During the Discovery phase of a recent culture change project, one of the first people we spoke to was a staff-member, Sue, who we quickly identified as a potential plain language ‘champion’.
Sue had been working for the organisation for about a year. During that time, she’d often tried to encourage people to use plain language. But she’d found she wasn’t being heard or that her colleagues would politely ignore her suggestions. Sue had great skills and lots of enthusiasm — she just needed a little backing and influence to get her message across.
We knew Sue would make a perfect plain language champion — and she did! Once her organisation announced a focus on plain language, Sue’s enthusiasm for plain language suddenly made her an asset. You probably have more than one ‘Sue’ at your place.
Finding the right people at the right time
Plain language champions are people who recognise the business benefits of using plain language and incorporate them into their own writing. And they’re generally willing to encourage colleagues to use plain language. But often, up until the Discovery phase, these people have felt alone on their clear-writing crusade.
Identifying potential champions early in a project, can be invaluable. Other champions will be identified from participants in training workshops, or by suggestions from managers.
What exactly does a plain language champion do?

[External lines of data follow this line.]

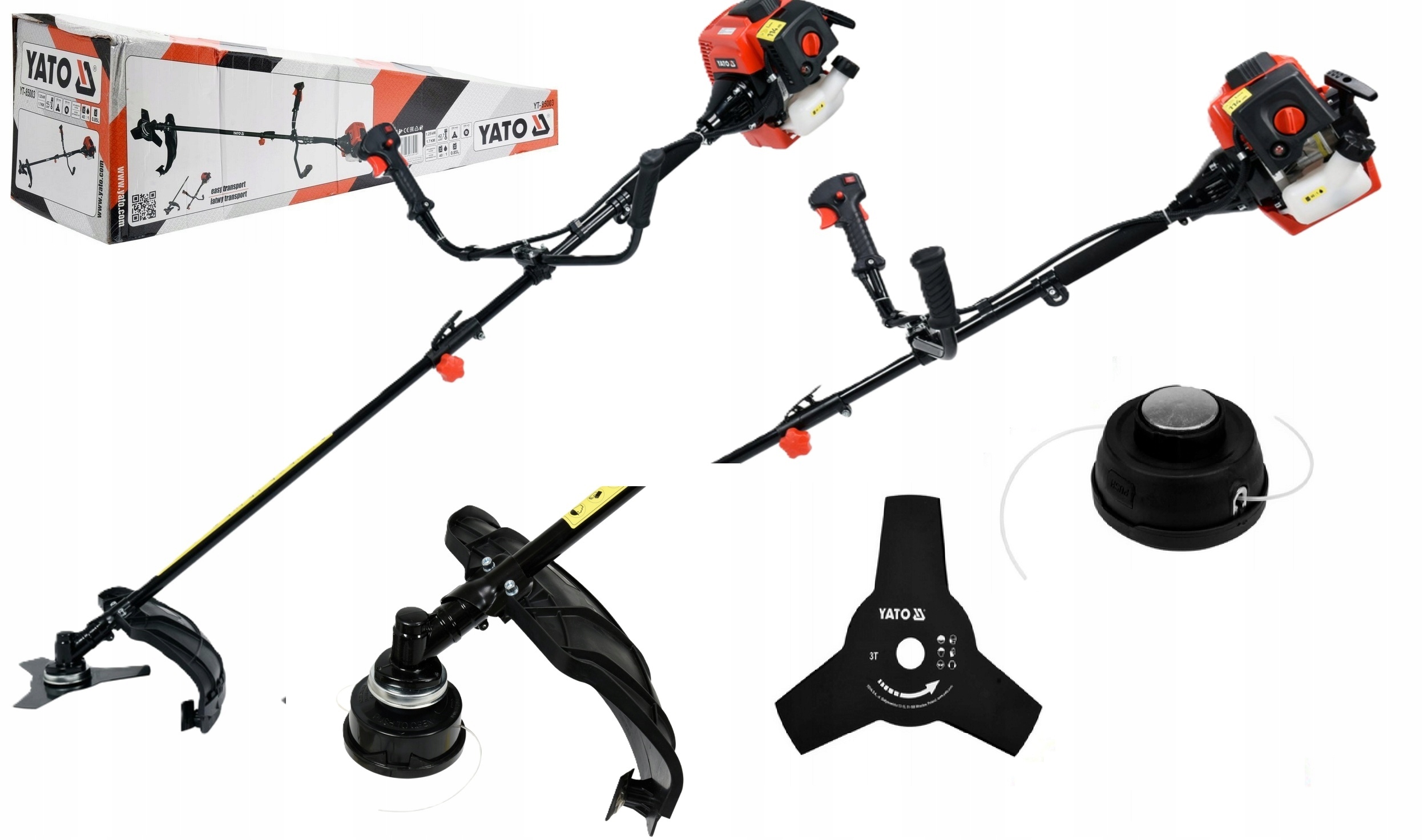 Benzínová Kosa Skladacia Kotúčová Tyč 42.7 cm³ 1,7KM Yato YT-85003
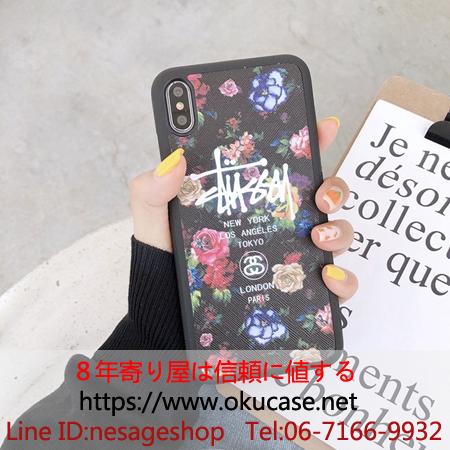 Galaxy S10PLUS花柄携帯ケース STUSSY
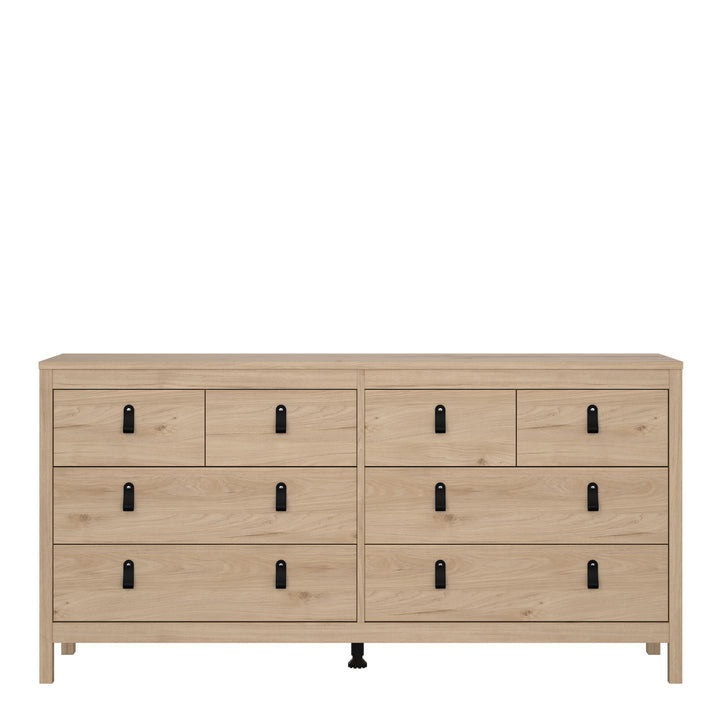 Barcelona Double Dresser 4+4 Drawers in Jackson Hickory Oak - TidySpaces
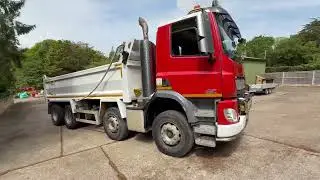 daf cf440 steel body tipper red ej15 mty video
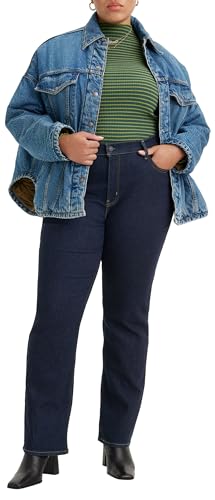 Levi's Plus Size 724 High Rise Straight Jeans Femme Blue Wave Rinse 24 S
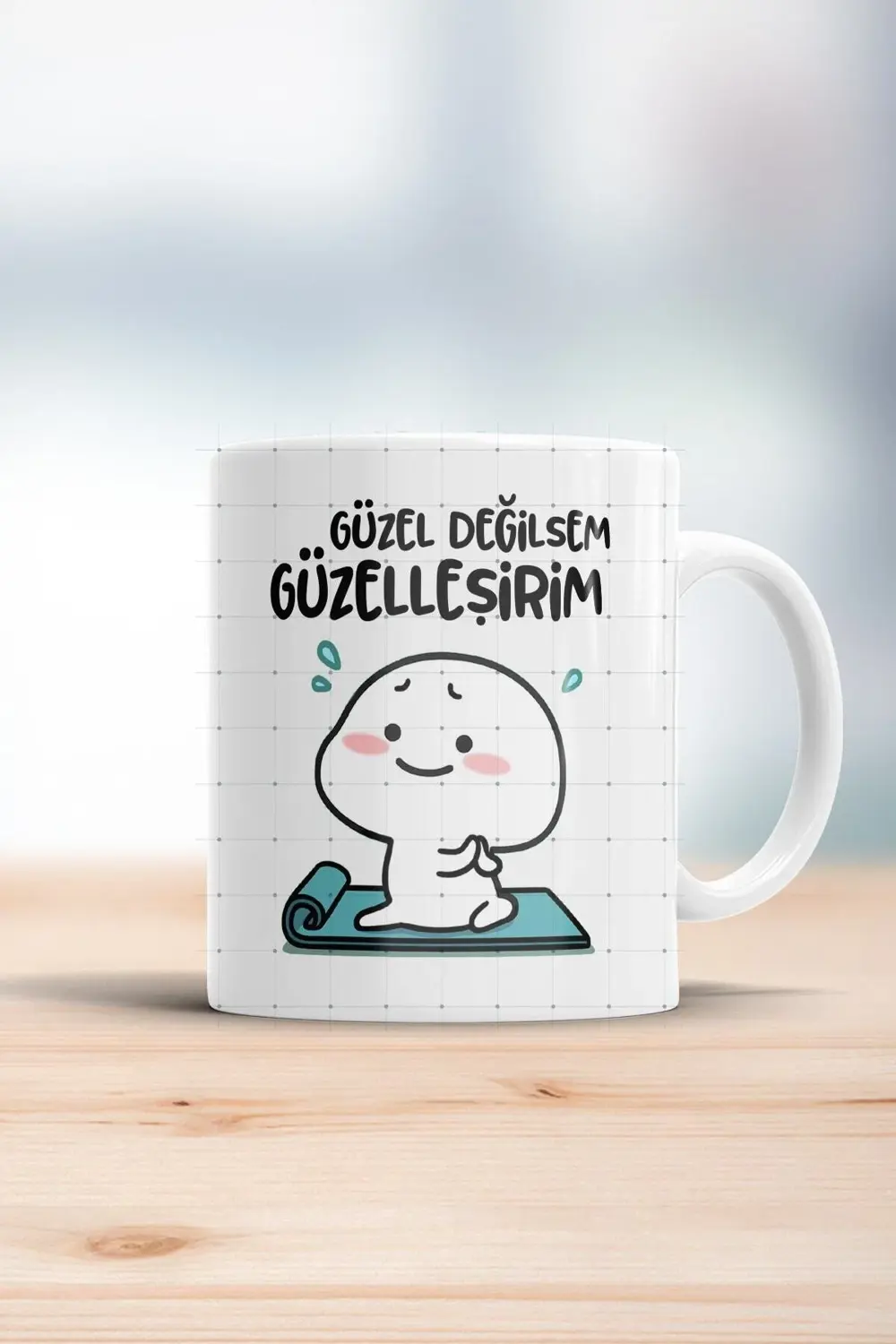 Güzel Değilsem Güzelleşirim Kupa Bardak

Champions play a key part in supporting an organisation to embed clear communication into their culture. ‘Support’ is one of the components of our Rewrite for Change™ Model; the other main components are ‘Train’, ‘Expect’, and ‘Measure’.
During a change project, a plain language champion is expected to:
- recognise the business benefit of using plain language and be willing to help achieve a lasting change in writing culture
- understand the principles of plain language and incorporate them into their own writing
- work with a project leader in encouraging all staff, or an assigned group to use a plain language standard.
Being a plain language champion can be a fun, creative, and rewarding role. You’ll find a full job description for plain language champions in Rewrite: How to overcome daily sabotage of your brand and profit.
Champions are precious people in a culture change project. They’re positive and enthusiastic cheerleaders for your project, and play a key role in maintaining momentum and enthusiasm.